Su YouTube resta la vetrina, lo streaming si fa in casa. “Sta veramente succedendo qualcosa di speciale in questa azienda. La tecnologia si sta integrando con l’organizzazione e i contenuti. Adesso la sfida è cogliere tutte le occasioni di valorizzazione, anche con un servizio premium, da sviluppare in collaborazione con un grande partner tecnologico”, anticipa Nardello. La sperimentazione dovrebbe partire entro il 2016 e il modello potrebbe essere simile a quello che sta studiando Bbc: dopo un certo numero dalla messa in onda per rivedere i video bisogna pagare. La proposta commerciale è ancora tutta da studiare. “Se negli anni 50 la gente andava nei cinema per vedere tv, secondo lo schema dei mass media, ora la comunicazione è da punto a punto, com’è tipico della media company”.

IL FOMedia company, parola che nell’audizione Gerritsen definisce così: una compagnia “legata alla centralità dei contenuti e non a questa o quell’altra tecnologia”. E i contenuti devono viaggiare ovunque e comunque, come prevede il nuovo servizio Skyonline, ufficialmente definito Ott, over the top, acronimo che di solito si usa, guarda caso, per indicare Google e Apple, Yahoo o Facebook, e che adesso ha assunto un altro significato: Over the Top Television.
“La tv nel web, il web nella tv”, ha sintetizzato Piersilvio Berlusconi in occasione dell’annuale presentazione dei palinsesti Mediaset, rivendicando un primato temporaneo (“Siamo il primo editore video su Internet in Italia con 700 milioni di video visti, più di 2 milioni al giorno”). Il nuovo passo della compagnia di Cologno Monzese si chiama Infinity. “Non più la declinazione su Internet di un’offerta esistente come erano Videomediaset o Premium, ma un servizio nativo che va incontro al nuovo modo di consumare il video”, spiega Chiara Tosato, responsabile del progetto lanciato lo scorso dicembre. Non c’è contratto, ma si fa un abbonamento come per Spotify. Si resta solo se piace.

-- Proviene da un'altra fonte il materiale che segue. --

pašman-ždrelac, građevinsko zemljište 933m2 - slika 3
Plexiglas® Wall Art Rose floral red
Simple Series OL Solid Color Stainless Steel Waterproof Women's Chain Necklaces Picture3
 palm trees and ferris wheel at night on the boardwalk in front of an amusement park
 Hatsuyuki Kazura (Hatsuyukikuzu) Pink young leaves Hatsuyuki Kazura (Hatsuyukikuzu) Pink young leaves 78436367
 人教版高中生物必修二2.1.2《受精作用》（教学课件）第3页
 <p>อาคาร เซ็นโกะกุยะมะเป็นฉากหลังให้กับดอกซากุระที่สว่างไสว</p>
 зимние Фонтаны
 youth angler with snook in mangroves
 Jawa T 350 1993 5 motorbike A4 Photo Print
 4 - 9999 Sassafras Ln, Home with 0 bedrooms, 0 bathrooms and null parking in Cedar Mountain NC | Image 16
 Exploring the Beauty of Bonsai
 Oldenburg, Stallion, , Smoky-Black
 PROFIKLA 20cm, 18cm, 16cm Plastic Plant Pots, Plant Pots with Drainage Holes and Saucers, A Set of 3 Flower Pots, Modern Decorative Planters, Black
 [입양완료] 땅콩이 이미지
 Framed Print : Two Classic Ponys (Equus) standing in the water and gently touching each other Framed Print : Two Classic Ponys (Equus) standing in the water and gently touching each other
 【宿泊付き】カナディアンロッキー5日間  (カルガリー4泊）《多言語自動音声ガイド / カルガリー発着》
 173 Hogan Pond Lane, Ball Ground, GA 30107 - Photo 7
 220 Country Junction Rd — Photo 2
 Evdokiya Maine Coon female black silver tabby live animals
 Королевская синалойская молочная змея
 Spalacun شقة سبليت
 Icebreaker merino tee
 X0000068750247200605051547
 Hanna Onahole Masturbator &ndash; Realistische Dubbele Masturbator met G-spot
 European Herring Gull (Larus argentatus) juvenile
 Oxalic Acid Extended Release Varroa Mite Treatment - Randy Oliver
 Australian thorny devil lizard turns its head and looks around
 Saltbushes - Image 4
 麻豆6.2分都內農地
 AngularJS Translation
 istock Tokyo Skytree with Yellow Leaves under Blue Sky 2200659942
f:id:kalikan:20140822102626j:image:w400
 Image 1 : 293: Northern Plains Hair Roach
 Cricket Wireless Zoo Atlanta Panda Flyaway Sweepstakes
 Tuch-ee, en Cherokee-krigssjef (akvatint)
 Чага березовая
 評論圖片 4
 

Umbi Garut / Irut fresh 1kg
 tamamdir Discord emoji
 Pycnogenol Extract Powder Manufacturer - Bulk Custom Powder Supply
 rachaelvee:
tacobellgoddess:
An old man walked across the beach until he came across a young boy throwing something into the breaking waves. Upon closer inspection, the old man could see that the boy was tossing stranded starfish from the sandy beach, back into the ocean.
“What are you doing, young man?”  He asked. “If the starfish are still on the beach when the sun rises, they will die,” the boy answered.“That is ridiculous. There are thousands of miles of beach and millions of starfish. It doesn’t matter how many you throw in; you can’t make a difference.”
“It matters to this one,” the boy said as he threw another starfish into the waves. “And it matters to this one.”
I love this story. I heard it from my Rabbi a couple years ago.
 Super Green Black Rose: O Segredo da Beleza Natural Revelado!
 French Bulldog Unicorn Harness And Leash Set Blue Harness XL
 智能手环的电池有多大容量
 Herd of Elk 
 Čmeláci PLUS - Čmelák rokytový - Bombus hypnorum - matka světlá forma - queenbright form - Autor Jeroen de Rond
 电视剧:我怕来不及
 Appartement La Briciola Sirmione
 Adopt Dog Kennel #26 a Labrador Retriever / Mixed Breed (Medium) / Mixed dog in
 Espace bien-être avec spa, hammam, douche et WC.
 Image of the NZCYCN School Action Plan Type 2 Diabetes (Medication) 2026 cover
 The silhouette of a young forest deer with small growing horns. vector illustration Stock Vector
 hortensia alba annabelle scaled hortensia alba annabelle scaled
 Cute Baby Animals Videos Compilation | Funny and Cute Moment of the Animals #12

“La parola d’ordine è liberta e flessibilità”, spiega la Tosato che anticipa che presto Infinity sarà presente su nuove piattaforme, a partire da Chromecast, la “chiavetta tv” di Google. “La strategia è essere più pervasivi possibili”. Anche questo è un modo per superare le “asimmetrie normative” denunciate alla Camera da Gerritsen. Il solito discorso: Google&C fanno lavori di altri (editoria, tv, etc) ma a modo loro. “Non chiediamo regole per la nuova tv”, ha detto in Commissione il vicepresident di Sky. “Ma alleggeriamo le regole per tutti”. La battaglia è solo agli inizi.